Very true! We have seen such things in two cases in India. One is when the boss is incompetent and is afraid of getting exposed with some intervention or there is a unionized staff. In other case, there are public organizations [Govt. organization] where the work culture is non-commital and unaccountable to a larger extent.
The best motivator for follow thru is a mutual understanding of where the task lies on the critical path …
that it is something that needs to be done before something else can be started (and usually by someone else, thus the updates are actually a functional coordination exercise and not just “checking in.”).
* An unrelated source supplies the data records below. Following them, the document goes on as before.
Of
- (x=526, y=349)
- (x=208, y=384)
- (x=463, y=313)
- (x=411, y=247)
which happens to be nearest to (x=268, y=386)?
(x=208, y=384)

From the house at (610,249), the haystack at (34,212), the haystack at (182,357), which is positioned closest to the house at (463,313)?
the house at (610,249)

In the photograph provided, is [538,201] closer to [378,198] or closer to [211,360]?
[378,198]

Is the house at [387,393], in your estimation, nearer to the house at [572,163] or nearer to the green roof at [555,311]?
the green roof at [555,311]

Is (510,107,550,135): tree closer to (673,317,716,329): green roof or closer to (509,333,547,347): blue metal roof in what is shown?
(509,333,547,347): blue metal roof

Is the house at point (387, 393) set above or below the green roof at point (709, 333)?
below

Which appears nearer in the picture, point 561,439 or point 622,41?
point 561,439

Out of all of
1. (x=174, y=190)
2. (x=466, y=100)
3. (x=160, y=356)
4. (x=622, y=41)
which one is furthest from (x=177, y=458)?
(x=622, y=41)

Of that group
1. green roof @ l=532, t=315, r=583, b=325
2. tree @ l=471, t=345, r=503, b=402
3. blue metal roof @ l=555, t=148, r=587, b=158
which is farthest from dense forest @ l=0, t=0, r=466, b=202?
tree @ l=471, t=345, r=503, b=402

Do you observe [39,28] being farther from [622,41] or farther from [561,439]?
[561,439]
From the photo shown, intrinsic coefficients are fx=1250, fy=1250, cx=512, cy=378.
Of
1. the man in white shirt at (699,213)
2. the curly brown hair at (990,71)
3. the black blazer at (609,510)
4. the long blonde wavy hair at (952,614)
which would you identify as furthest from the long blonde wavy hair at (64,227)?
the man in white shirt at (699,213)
Mutual comprehension of the critical path (seeing one’s significance in the big picture) has a tendency to minimize busy work/CYA and keep the focus of effort and resources on the essentials: scope, cost and schedule,
Which in turn tends strongly to success (achievement) over merely process (only “doing” something).
And tends to minimize interpersonal and corporate politics.
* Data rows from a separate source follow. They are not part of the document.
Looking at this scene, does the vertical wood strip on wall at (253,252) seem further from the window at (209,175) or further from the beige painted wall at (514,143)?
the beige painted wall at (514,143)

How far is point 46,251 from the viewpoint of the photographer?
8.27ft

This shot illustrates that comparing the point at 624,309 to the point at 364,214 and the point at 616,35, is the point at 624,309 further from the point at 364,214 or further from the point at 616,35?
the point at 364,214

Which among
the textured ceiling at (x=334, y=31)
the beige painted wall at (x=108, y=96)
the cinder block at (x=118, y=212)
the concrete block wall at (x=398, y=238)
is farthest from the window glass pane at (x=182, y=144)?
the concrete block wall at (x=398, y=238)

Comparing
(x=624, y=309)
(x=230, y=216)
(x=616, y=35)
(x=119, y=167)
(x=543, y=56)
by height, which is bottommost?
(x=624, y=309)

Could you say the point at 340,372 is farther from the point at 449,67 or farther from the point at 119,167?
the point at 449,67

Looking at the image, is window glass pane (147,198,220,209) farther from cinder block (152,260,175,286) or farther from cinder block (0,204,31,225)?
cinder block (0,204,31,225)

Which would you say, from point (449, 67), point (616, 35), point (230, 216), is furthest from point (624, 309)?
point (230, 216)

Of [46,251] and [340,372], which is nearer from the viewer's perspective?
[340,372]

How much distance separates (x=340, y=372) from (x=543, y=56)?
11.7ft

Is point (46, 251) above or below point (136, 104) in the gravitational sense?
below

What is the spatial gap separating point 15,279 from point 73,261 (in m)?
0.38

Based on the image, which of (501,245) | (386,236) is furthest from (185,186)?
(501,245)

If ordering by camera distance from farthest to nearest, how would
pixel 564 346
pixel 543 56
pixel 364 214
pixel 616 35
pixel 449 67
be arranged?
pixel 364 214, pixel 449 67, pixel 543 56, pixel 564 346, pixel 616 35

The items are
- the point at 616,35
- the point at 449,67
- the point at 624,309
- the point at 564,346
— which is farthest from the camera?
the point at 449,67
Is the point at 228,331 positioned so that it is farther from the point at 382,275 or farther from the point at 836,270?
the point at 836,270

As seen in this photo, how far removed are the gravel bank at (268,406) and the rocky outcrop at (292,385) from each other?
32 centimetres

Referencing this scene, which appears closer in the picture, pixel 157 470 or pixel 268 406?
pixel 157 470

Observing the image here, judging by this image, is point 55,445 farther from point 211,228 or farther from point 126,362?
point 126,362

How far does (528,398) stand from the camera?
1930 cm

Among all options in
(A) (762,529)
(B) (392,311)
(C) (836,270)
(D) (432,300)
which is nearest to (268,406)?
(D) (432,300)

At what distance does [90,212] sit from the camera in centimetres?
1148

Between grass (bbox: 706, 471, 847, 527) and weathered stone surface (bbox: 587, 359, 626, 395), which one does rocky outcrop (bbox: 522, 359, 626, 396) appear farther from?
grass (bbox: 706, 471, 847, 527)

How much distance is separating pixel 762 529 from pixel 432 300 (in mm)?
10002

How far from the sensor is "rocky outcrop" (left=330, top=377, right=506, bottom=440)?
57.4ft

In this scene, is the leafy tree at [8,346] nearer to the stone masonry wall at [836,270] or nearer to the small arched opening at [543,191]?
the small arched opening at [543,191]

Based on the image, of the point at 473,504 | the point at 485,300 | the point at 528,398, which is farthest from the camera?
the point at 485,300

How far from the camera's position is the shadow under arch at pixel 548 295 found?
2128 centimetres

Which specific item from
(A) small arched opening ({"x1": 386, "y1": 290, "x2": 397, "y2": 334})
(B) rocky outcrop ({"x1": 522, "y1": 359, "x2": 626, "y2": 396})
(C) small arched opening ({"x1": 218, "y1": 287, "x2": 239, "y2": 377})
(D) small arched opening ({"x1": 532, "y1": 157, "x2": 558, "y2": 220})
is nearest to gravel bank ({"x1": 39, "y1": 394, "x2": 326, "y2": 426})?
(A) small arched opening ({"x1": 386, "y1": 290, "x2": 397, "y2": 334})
Thanks Rurbane. Things get clear when we know the result we seek and where we are along the path.
There are some interesting motivational aspects to knowing where you are on the path. In the beginning, look how far you’ve come. Toward the end, look how far you have to go. I got this from Daniel Pinks book, When.
And the final 10% is always the hardest … knowing “Good enough” and letting go vs. continuing past the cost/benefit to perfecting something that doesn’t need it anymore 🙂
Thus spake the recovering lover of unrequitted Perfection.
Thanks! I’m sure you’ve heard the expression, “Polishing the turd.” Pretty gross. But sometimes it just isn’t worth the effort. Choose another battle and move on. In some cases, you can come back and make improvements later, if you really feel the need to go the last 10%.
You forgot: 8: People don’t follow-through when they lack passion for the job and activities they are assigned. When this happens the 7 ?? to help work through the followup do not really work, most notably, “How can I help” falls on deaf ears because “I” can’t develop passion in another they have to want it, work it and make it happen.
Thanks Roger. Great add. You made me think about getting the right people on the bus. The “right” people enjoy the work and want to improve their performance. They say you can’t coach passion.
This topic is important for leaders high up in an organization to understand why efficiency/productivity may not be as high as desired. It’s not unusual to see an organization set many goals to reach but don’t either get too detailed in the plan on how to achieve or do not have any structured way to follow-up. This happens as mentioned earlier due to not wanting to be seen as a micromanager but if it’s standard to hold project status meetings, it becomes an expectation. Employees no longer need to be asked where they are at because the roll-up to upper leaders will show who’s closing the loop on items and who’s not. It’s important for leaders to follow-through even with little items, it shows employees commitment to the group strategy.
Thanks Mohamed. You remind me that rituals and patterns are important for organizations. If follow-up is part of the process then people don’t feel like you’re picking on them when you follow-up.
Yes! The organizational norms, can be helpful in these situations.